Jacinda Ardern says goodbye to Parliament: how her politics of kindness fell on unkind timesGrant Duncan (The Conversation): “The ‘Jacinda effect’ wasn’t a flash in the pan, however. Labour’s election support went from 25% in 2014 to 37% in 2017, and then to an extraordinary 50% in 2020. Coming on the back of Ardern’s exemplary leadership through the COVID pandemic, it was an unprecedented result under the country’s proportional MMP system. Her belief in ‘kindness’ as a political force appeared to have been vindicated, if not for long. While New Zealand eventually recorded the world’s lowest excess mortality rate during the pandemic, this success was far from cost-free. In particular, there was a human and political price to pay for the lockdowns and border closures.

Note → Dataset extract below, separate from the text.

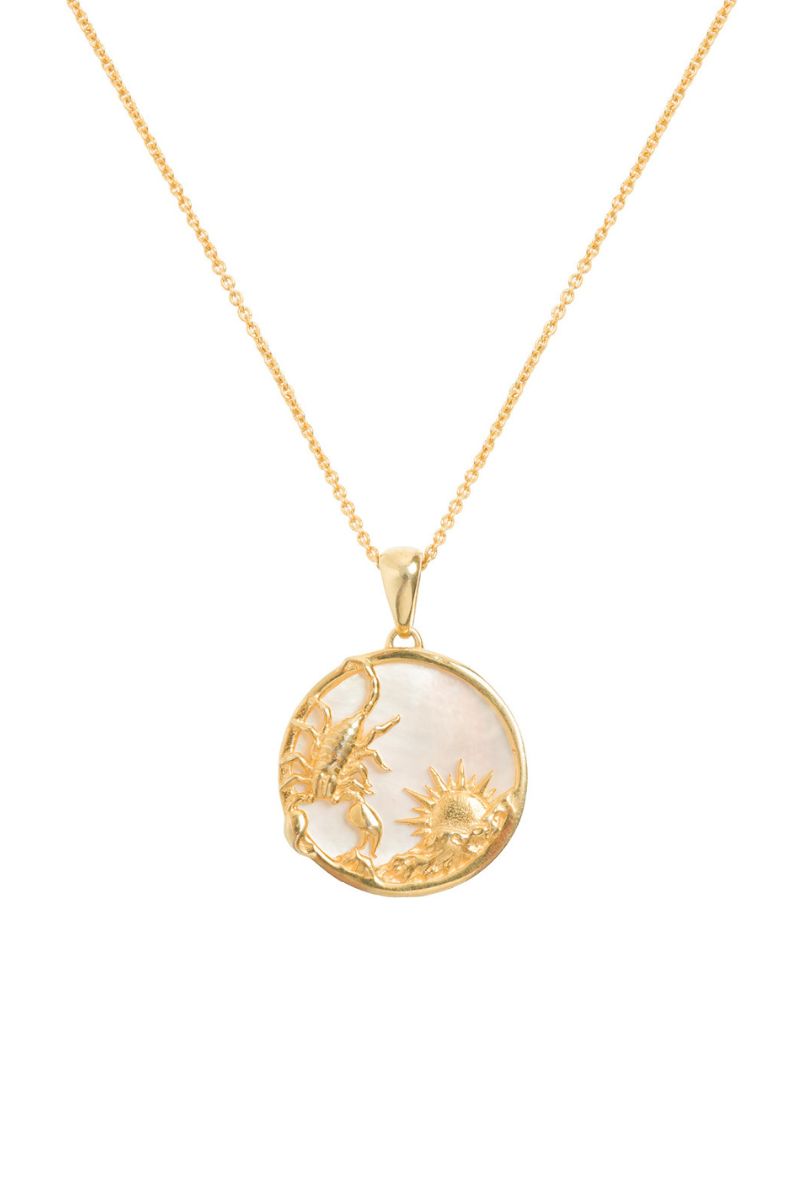 SCORPIO 18CT GOLD PLATED ZODIAC NECKLACE - CULT MIA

“Businesses struggled, many New Zealanders abroad couldn’t return, and many resisted the pressure to be vaccinated. No nation escaped unscathed, and in New Zealand resistance to vaccine mandates boiled over on the grounds of Parliament in early 2022. Some protesters were angered by Ardern’s trademark empathy and kindness, which they now perceived as a false front. Due to the extremist elements among the protests, she refused to address them directly. Ardern’s positive leadership reputation was earned on her responses to tragedies: the Christchurch terrorist attack, the Whakaari-White Island eruption, and the pandemic. But no sane politician would have welcomed such crises.”

HOLD THE FRONT PAGE

The Latest Headlines

WHAT’S ON TODAY

Kulin Nation Country (also known as Melbourne)

  • Assistant Minister for Competition, Charities & Treasury Andrew Leigh will give a talk on “Fair play, fair competition and economic dynamism” at the COSBOA Small Business Summit.

  • Comedians with a disability Adam Hills, Lara Ricote, Alexandra Hudson and Oliver Hunter will chat about working in their field, in a panel held by the Wheeler Centre.

Eora Nation Country (also known as Sydney)

  • RBA governor Philip Lowe will deliver a speech on “Monetary policy, demand and supply” at the Fullerton Hotel.